_What the task asks:_ Please keep to the lines below from the one with "NEWS Zapatos deportivos" through the one with "Contenitore per rifiuti", and restate them word for word, ends included.

Caption-style text data:
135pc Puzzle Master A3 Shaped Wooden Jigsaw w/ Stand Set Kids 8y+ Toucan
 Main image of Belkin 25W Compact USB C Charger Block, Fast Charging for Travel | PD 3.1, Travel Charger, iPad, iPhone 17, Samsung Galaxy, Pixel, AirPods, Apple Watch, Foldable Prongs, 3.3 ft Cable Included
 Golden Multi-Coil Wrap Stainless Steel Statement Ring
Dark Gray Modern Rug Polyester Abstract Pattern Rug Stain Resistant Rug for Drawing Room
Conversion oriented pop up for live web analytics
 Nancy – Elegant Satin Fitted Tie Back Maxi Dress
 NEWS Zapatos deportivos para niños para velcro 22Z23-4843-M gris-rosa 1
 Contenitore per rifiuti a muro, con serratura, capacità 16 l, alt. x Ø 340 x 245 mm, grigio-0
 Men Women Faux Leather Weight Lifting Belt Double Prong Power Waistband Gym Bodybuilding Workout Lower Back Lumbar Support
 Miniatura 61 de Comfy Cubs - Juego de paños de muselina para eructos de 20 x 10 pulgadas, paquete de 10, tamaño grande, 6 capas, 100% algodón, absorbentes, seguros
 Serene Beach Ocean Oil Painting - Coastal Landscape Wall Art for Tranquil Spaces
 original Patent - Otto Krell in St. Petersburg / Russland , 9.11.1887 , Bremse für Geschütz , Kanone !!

_Result for this exercise:_
 NEWS Zapatos deportivos para niños para velcro 22Z23-4843-M gris-rosa 1
 Contenitore per rifiuti a muro, con serratura, capacità 16 l, alt. x Ø 340 x 245 mm, grigio-0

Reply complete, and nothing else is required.